In the early minutes of season one episode three of “Documentary Now!” entitled “Kunuk Uncovered”, the narrator of the program states: “In 1922, director William H. Sebastian introduced American audiences to an Eskimo named Kunuk in the now classic film, Kunuk The Hunter.” He continues, “It was groundbreaking cinema, a box-office success, and has been credited with creating the genre that we now call documentary.” The uninhibitedly enthusiastic narrator closes, “But questions about Kunuk have always lingered. What was the relationship between filmmaker and subject? Were the actions depicted real or staged? Was the first documentary a documentary at all? Or was it something else?” Make no mistake, “Documentary Now!” is a satirical show birthed from great minds whose jerseys hang in the “Saturday Night Live” rafters. However, in these opening sentences, a great deal of question is brought upon the concept of documentary. Throughout the past semester, my classmates and I were subject to asking these questions ourselves.

My own process during the semester, the changes in idea and concept, really made me think about what it meant to create a documentary. And once I thought I had made revelations about it; I witnessed my peers’ projects at both midterm and final. From there, the idea of the documentary grew.

Now, documentaries that catch my eye typically have to do with, let’s say, ill-minded groups. I find them fascinating. It’s incredible how with simple woo-ing and LSD that Charles Manson was able to have people commit atrocious murders for him. Even more remarkable how Adolf Hitler convinced many that anyone unlike his kind was the enemy and needed to be eradicated (and also in one documentary I saw that he might have had a unit of Werewolf Nazis, but that could have just been a video game, I’m not sure.) And TEN TIMES more unimaginable are the accounts of neo-Nazis carrying these horrendous beliefs IN THIS CURRENT DAY AND AGE! Essentially, this is what I thought documentaries were about: telling stories of misunderstood (sometimes insane) groups or happenings that hold significance in the current world.
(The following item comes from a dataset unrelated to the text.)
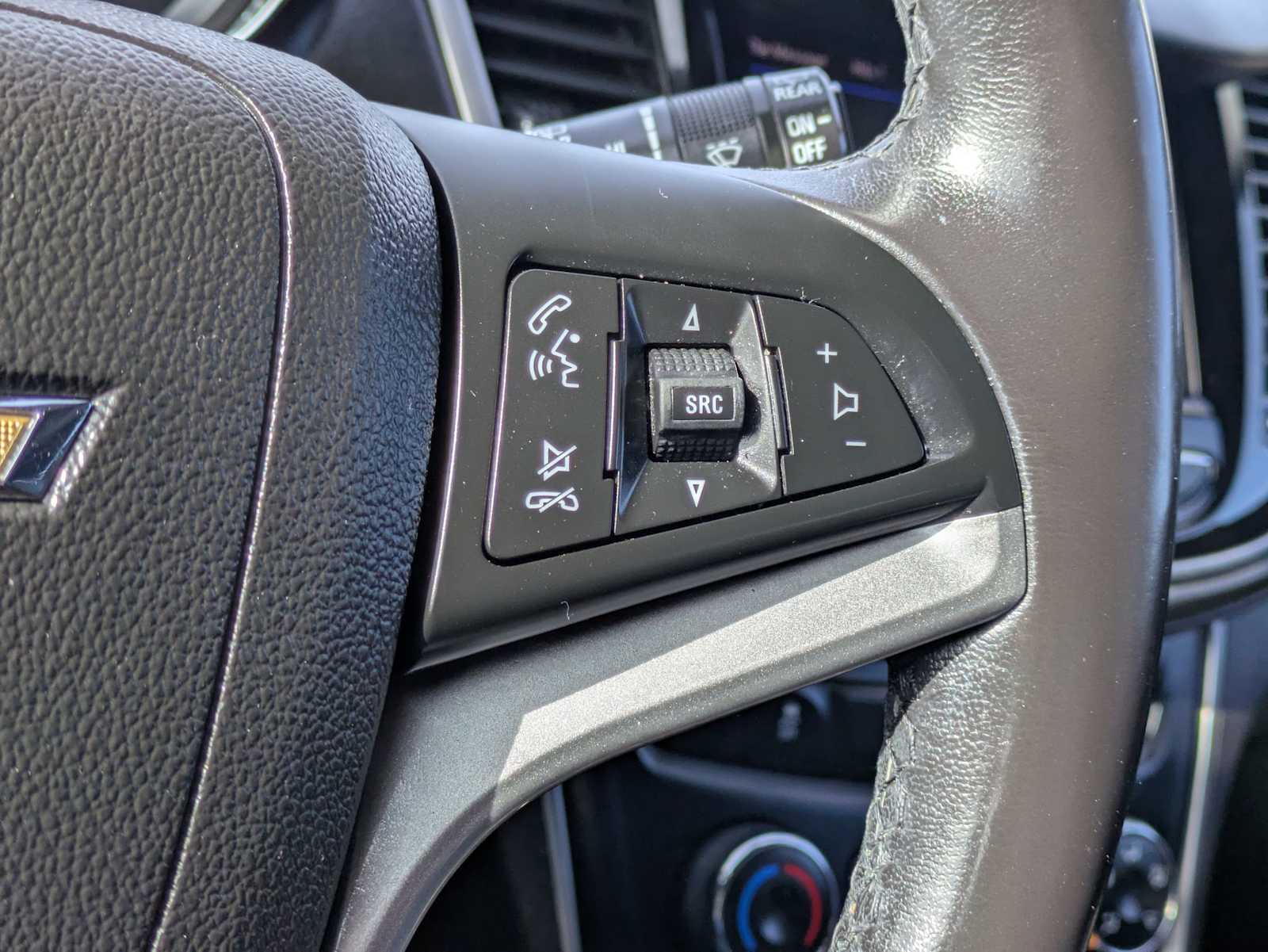 Thumbnail: 2020 Chevrolet Trax - 25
But as time went by and I saw the projects of others, as well as my own’s development. I realized that the role of the documentary was much simpler than that.

The questions posed by the narrator in season one episode three of “Documentary Now!”:

  1. What is the relationship between filmmaker and subject?
  2. Were the actions depicted real or staged?

 

Throughout the course, I realized that there is no perfect answer to these questions in relation to defining a work as “documentary”. The first question is more of a matter in why an audience would care about a work. For instance, I made a “documentary” about my mother. This is a relationship that a majority of people can understand and connect with. While I did this, my friend Shane made a documentary about a nearly deceased mall in his home town. This is not a typical relationship that most can relate too, but both hold identical documentary merit. Quite simply, there is already a relationship between filmmaker and subject in that the filmmaker has decided to put time and effort towards creating something about the subject, regardless if it’s his mother or his mall.

The second question divides into two further questions. If you are shown an account of something yet it is a reenactment, is it really a documentary? Or does it have to be actual footage of the account? Again, I feel that the idea behind a documentary can bend toward subject. Certainly, it is decidedly more interesting watching the real accounts of whatever it is being documented, however, reenactments and treatments alike are interesting as well. Yes, watching the neo-Nazis romp around moronically, use pick-up lines such as “So, what do you think about white power?” is an incredible sight, but so is the documentary style that incorporates folks reflecting on something. It’s quite the nebulous topic.

Regardless, I don’t think it’s anyone’s place to cast something out as documentary. It’s like art as a whole. What is truly important is the ideas being said, heard, workshopped and discussed.